Immersive Presentation of Research Findings

00:28:59
Speaker
Instead, what we did was we used immersive theater. And so we had actors. Whoa, that's on unexpected. stage It was very, I learned a lot. I hadn't envisioned working with actors before. Immersive theater was not on my 2025 bingo card ah but basically yeah yeah and we did the user research we understood the typical journeys of say two types of people who drew on health and care services we wrote those sort of narratives and those narratives brought out pain points that we had heard people talk about and on our sort of launch of the sandbox day we had two actors come and play these stories
00:29:39
Speaker
And as the audience, you had to play a role in furthering their story. So if they were having difficulty booking an appointment at a GP, you had to do something to help them solve the issue or you had to play the role of the pharmacist.
00:29:51
Speaker
And you weren't just like watching a story play out. You were being part of it. And I think the result of presenting the research in that way was one, you're feeling the problems that people are facing. It's not just theory in your head.
00:30:08
Speaker
It's like very real. Even though these are experts, I think it was good to have that like immersive moment. And the discussions for the rest of the day and actually for the subsequent months throughout that sandbox process was super grounded in like that person's story. So it wasn't just, oh, we have a discharge problem. It was, oh, Mrs. S had to sit in the hospital. She didn't know where she was going next. She was very uncertain. Her family didn't feel confident. So it was like the shift in the kinds of conversations people were having.
00:30:34
Speaker
was very much like it's about the people it's about what is difficult in that system no yeah yeah yeah But Anjali, like one question I have, right? And then I mean, I'm with you on this. This is why I guess we're doing this conversation.
00:30:50
Speaker
But I think the critique that is made very often for this sort of research, these sorts of methods is how does this play out for somebody who does not represent those two?
00:31:05
Speaker
stories or characters or the 20 people you talk to right and then that the question of sample size representation how does this represent the population like how do you deal with that because this is also not you working as a yeah consultant somewhere right you are in the system working with the system which is what is fascinating about the work you're doing with Lottie so can you speak to that a little bit I agree.
00:31:31
Speaker
The problem with personas or the story-based form of presenting research is that you anchor to one or two stories and that drives too much of the direction of the solution that you're building.
00:31:46
Speaker
I think 100% that's true.
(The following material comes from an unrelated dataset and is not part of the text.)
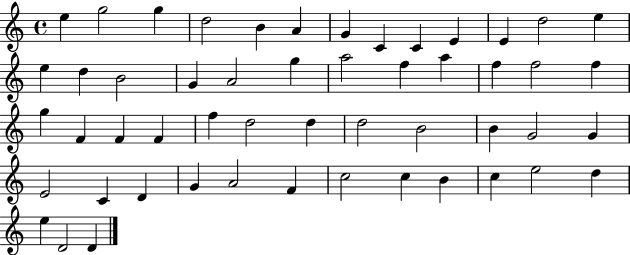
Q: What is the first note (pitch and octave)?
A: E5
I think as a facilitator of this experience, one of the things that was our responsibility to do was to make sure that we were structuring these conversations in a way that was allowing for expansion after. So yes, you've seen the story of Mrs. S and you've seen the pain points that she's faced.
00:32:07
Speaker
Now we're going to have structured discussions. That's a jumping off point. So we're talking about like discharge is a problem or we're talking about assessments are difficult or whatever. One, do you have the people in the room who bring in that diverse perspective that then makes sure that the conversation encompasses more than just that one kind of persona?
00:32:28
Speaker
And two, I think, are you structuring the conversation so it's pushing people to think beyond just this person? So I think it is your responsibility to make sure as a designer, as a researcher, that this is being used as a jumping off point, as a useful reference.
00:32:46
Speaker
The other thing also about like people use this as argument against qualitative and for quantitative research. But I have two sort of thoughts about that. Quantitative research will tell you what is happening, but it will not tell you why. And that's the work of qualitative research. I think it's the work is to tell you why certain things are happening, why people make these certain decisions about like the needs and the emotions that are driving behaviors.
00:33:12
Speaker
It's not telling you that these four personas are all the personas in the world. The personas are a vehicle for the why. So you should focus, I think, a little bit on like the why and the behaviors that that is bringing out.
00:33:27
Speaker
The second thought I have is that quantitative data is sort of seen as this like, it is facts. And it is just the truth of the world.
00:33:37
Speaker
And it is like this pure untouched thing that gives us a real picture of the world. But really, who designed that survey that you sent out that told you the truth of the world? It was a person.
00:33:50
Speaker
who while designing that survey decided what questions went into the survey, right? Like what do they believe matters? What do they think is worth quantifying? And that's the like qualitative moment. I think that you actually don't know why those decisions were made sometimes, or it is qualitative research that helped you make the decision about what to ask in your surveys. So I think to bring it back to sort of the original point of like, yes, I think these stories can be limiting,
00:34:20
Speaker
And we need to recognize where we're using them, why we're using them and use them responsibly. They're really useful in uncovering sort of the whys under certain things.
00:34:30
Speaker
They're useful to help you reflect on why decisions were made and get to the more nuanced responses. They will not be useful in saying, let's generalize these four personas to all human beings. Correct.
00:34:44
Speaker
Correct. They're not sort of population, scale, segmentation based on behavior, but they give you an entry point into kind of investigating the why kind of behind the data or helping you ask the right questions to then quantify better.
00:35:03
Speaker
That sort of thing. There's a potential interplay there. There's a loop there potentially of... qual informing quant informing qual informing quant kind of thing i think one thing that i'm curious about and as we sort of start closing our conversation the immersive theater thing is still blowing my mind because you know i've done a little bit of improv theater and to be in the position of those two actors responding to somebody coming and doing something and then you have to kind of take where does that go right yes and where does that go and then that's
00:35:39
Speaker
Yeah, that sounds fascinating. And the sandbox itself is interesting, right, as a method. And actually, I think the tech world can let go of sandbox being their thing because i've I've seen it being used now in interesting ways, keeping the core values. I think both of these methods are fascinating. And the fact that it's backed by good old traditional sort of qualitative research, user interviews, observation, all of that, right?
00:36:08
Speaker
What I'm curious about is where is this work going? And you touched upon it a little bit when we started the conversation about iterative program design and delivery.
00:36:19
Speaker
If you can say more about that and unpack that, tell us more.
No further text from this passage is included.